• [Your assignment] When you reach a picture, pass over it; otherwise repeat the listing word for word.

START Supplied records

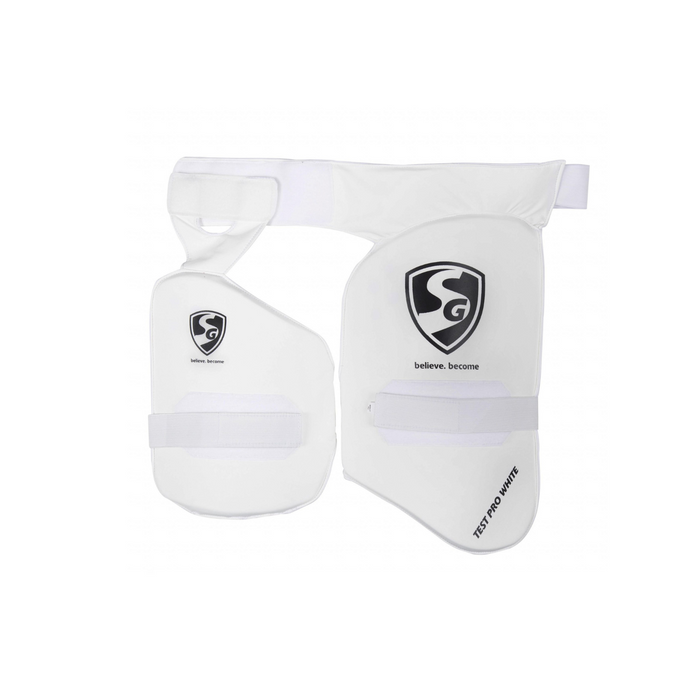 SG Test Pro White Combo Thigh Pad – Adult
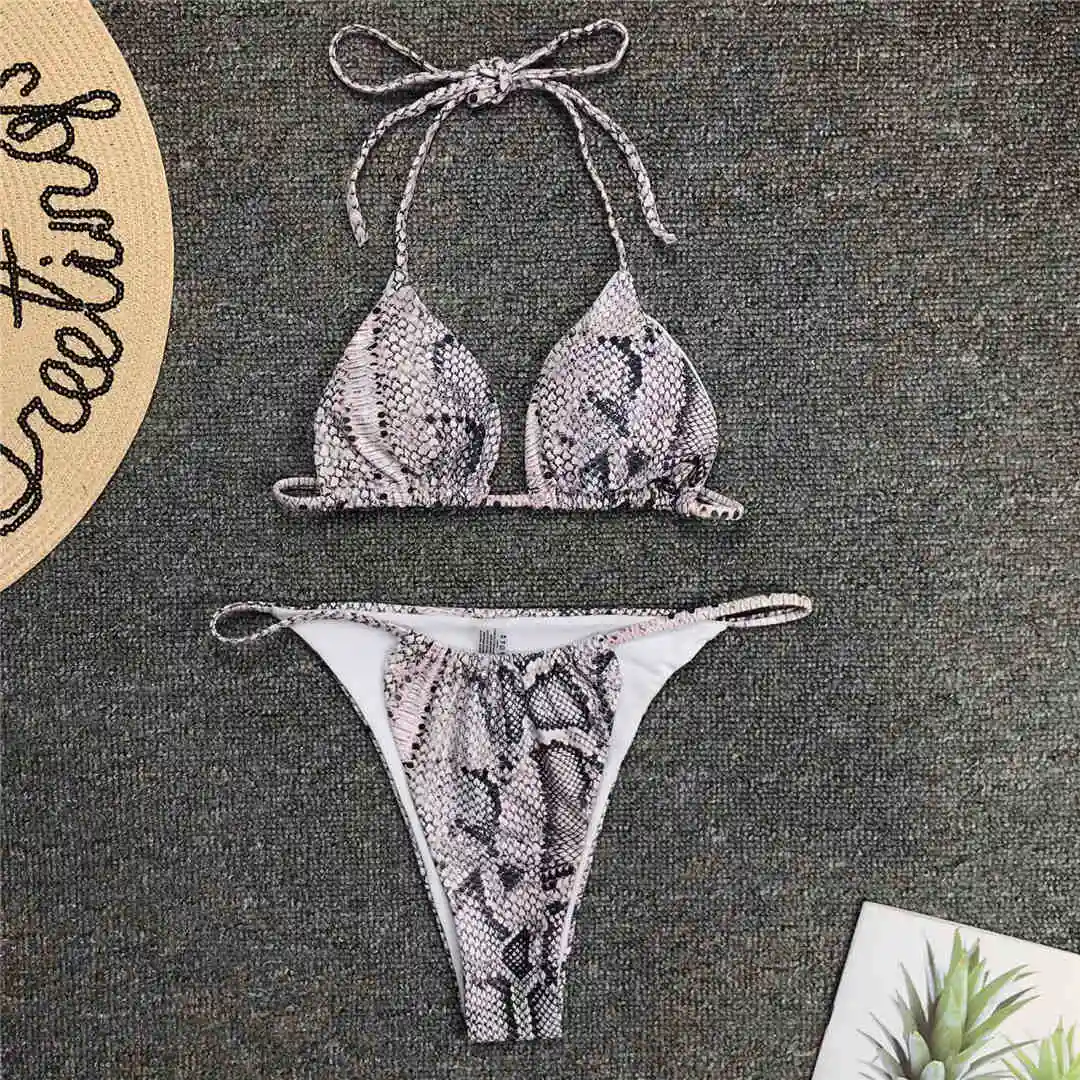 Gray Snake Print Сексуальный змеиный принт Холтер Бикини женский купальник из двух частей комплект бикини бразильский купальный костюм V1557 - Цвет: Gray Snake Print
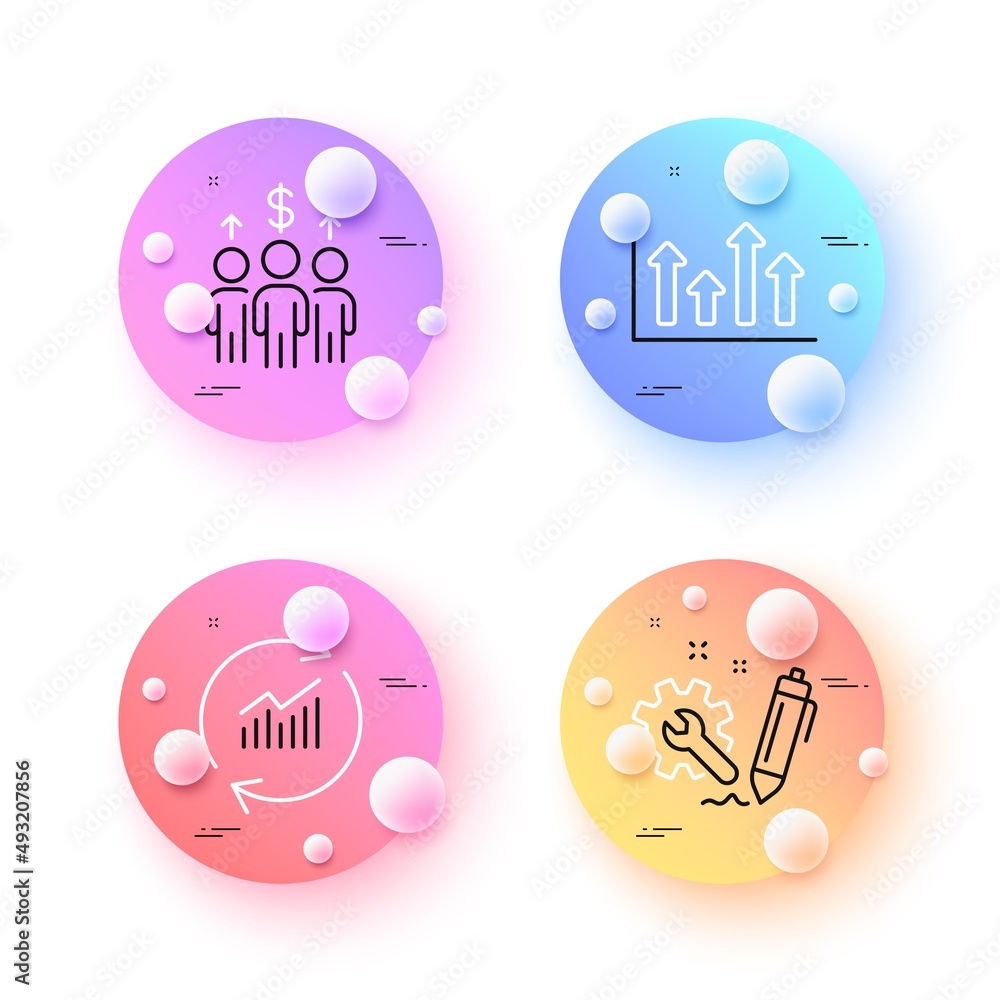 Aufkleber upper arrows, meeting and engineering minimal line icons. 3d spheres or balls buttons. update data i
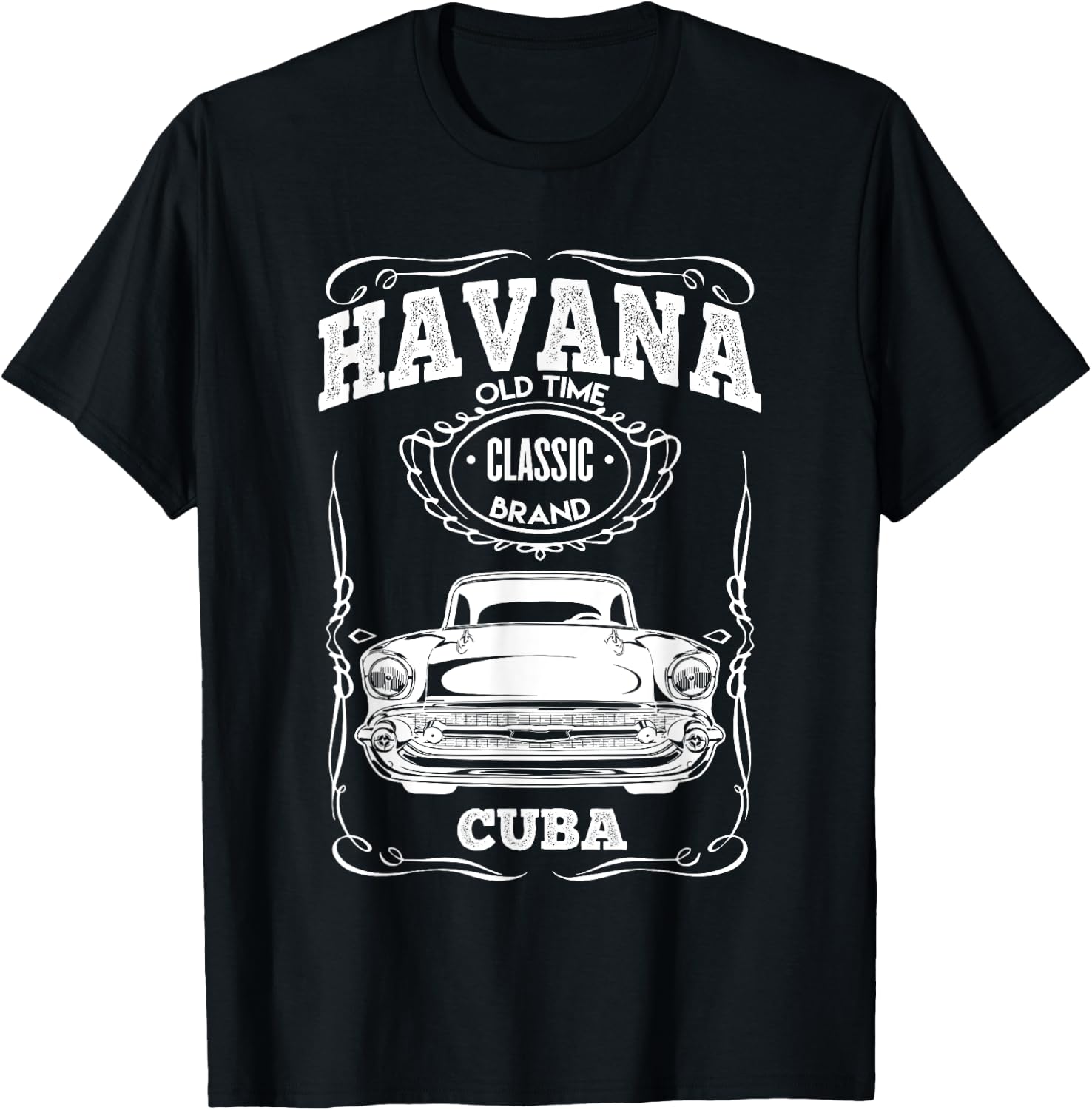 Havana Classic Cars Cuba Muscle Retro Vintage Gift T-Shirt - T-Shirt | Black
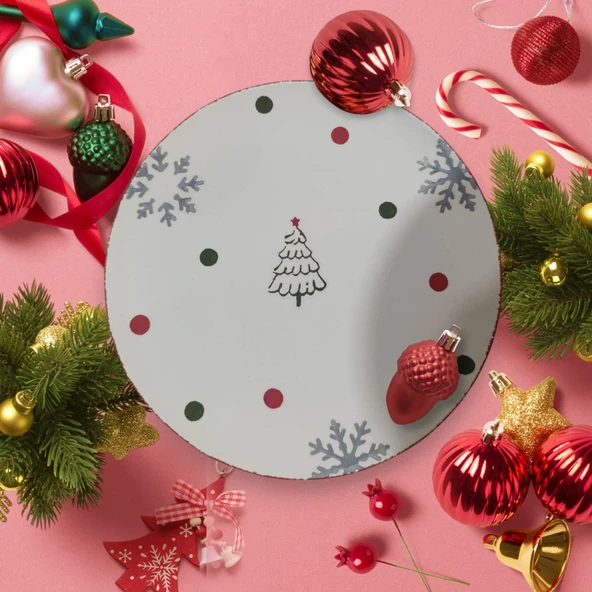 Dream Yeni Yıl Pasta Tabağı- Kırmızı ürün görseli 1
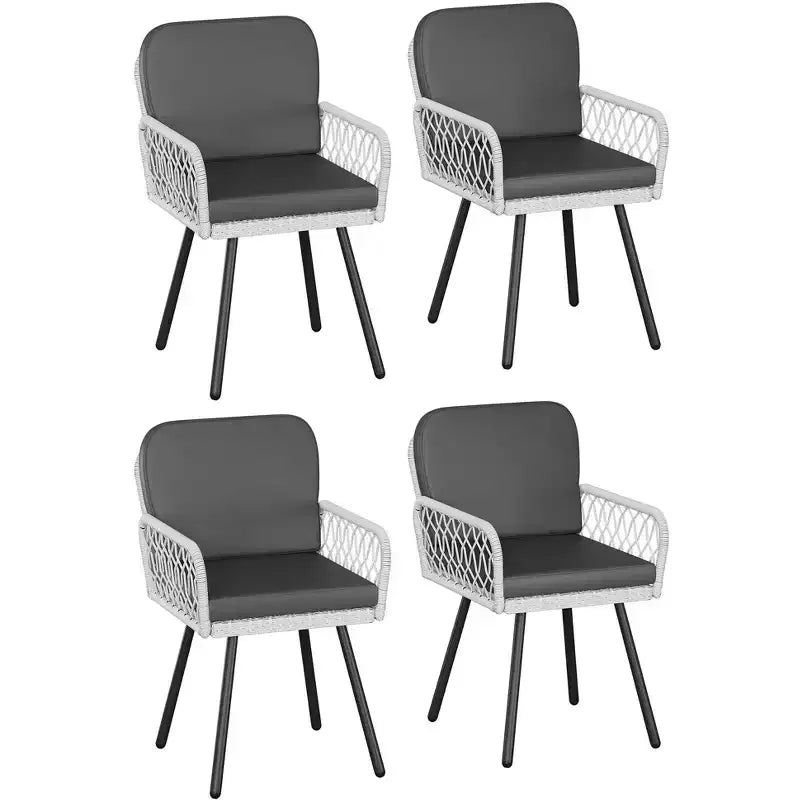 Dining Chairs Set of 4 - Metal Frame, for Indoor, Garden, Balcony, Deck,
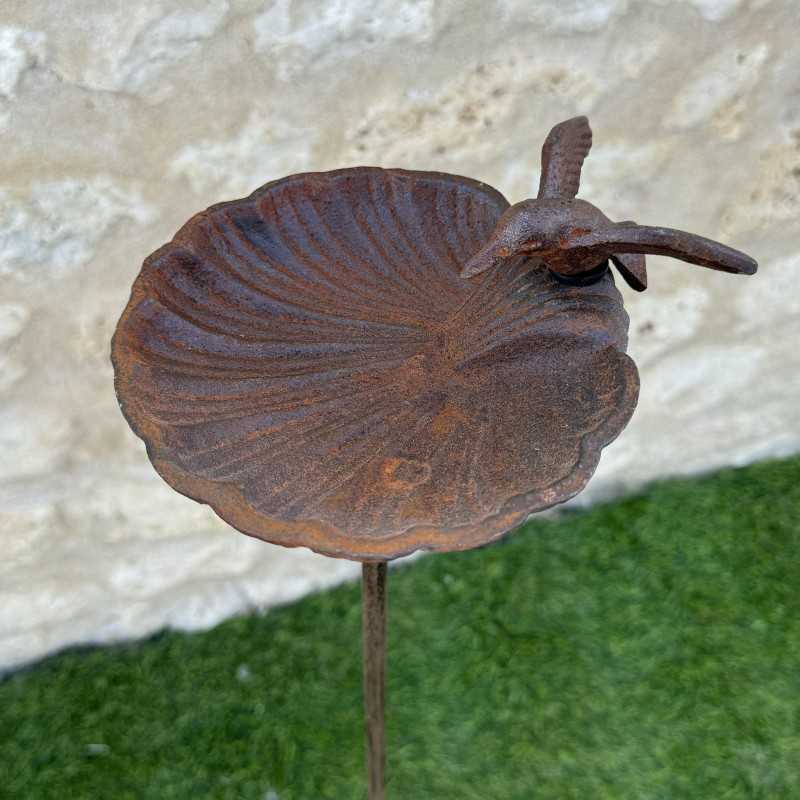 Baño para pájaros con estaca de hierro fundido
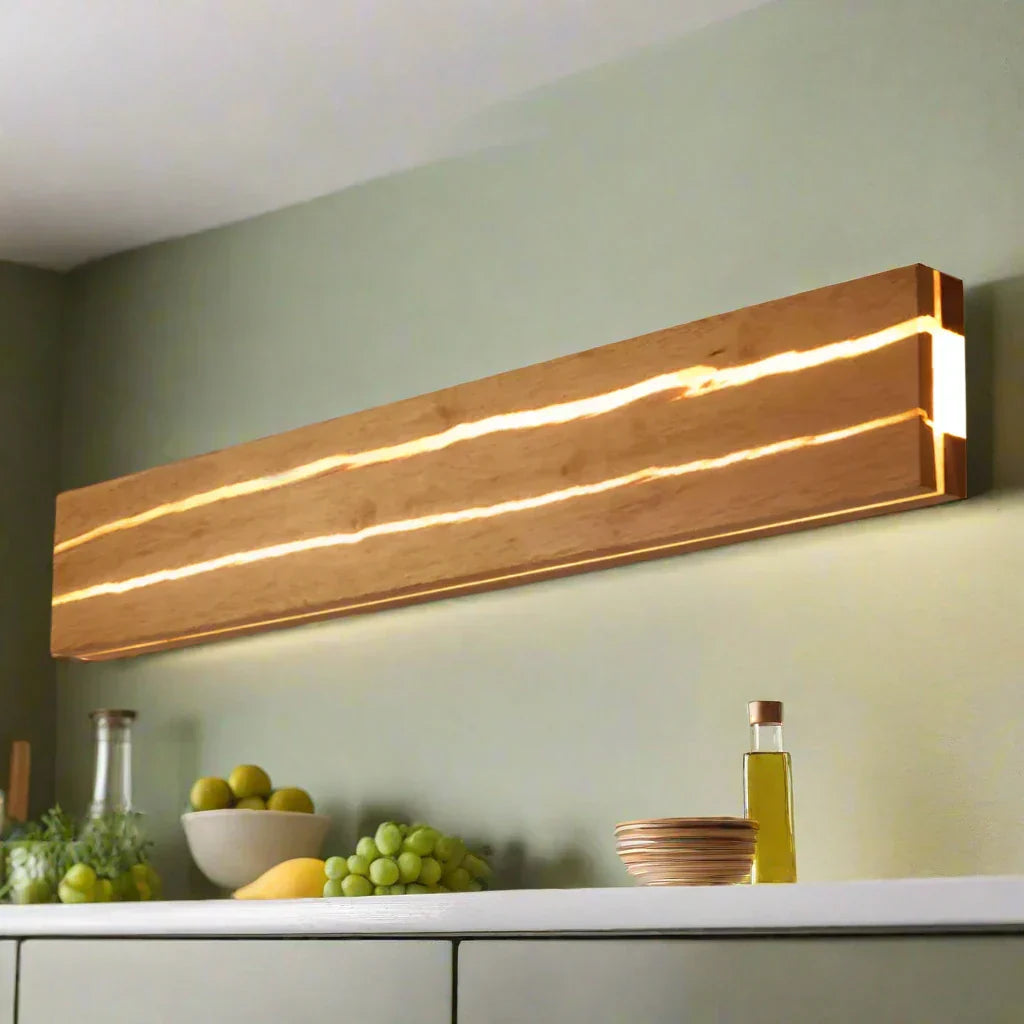 "Elegante Wandleuchte mit natürlichem Holzrissmuster, LED und Acryl; modernes Design für Wohnräume."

END Supplied records

• [Written reply]
 SG Test Pro White Combo Thigh Pad – Adult
 Gray Snake Print Сексуальный змеиный принт Холтер Бикини женский купальник из двух частей комплект бикини бразильский купальный костюм V1557 - Цвет: Gray Snake Print
 Aufkleber upper arrows, meeting and engineering minimal line icons. 3d spheres or balls buttons. update data i
 Havana Classic Cars Cuba Muscle Retro Vintage Gift T-Shirt - T-Shirt | Black
 Dream Yeni Yıl Pasta Tabağı- Kırmızı ürün görseli 1
 Dining Chairs Set of 4 - Metal Frame, for Indoor, Garden, Balcony, Deck,
 Baño para pájaros con estaca de hierro fundido
 "Elegante Wandleuchte mit natürlichem Holzrissmuster, LED und Acryl; modernes Design für Wohnräume."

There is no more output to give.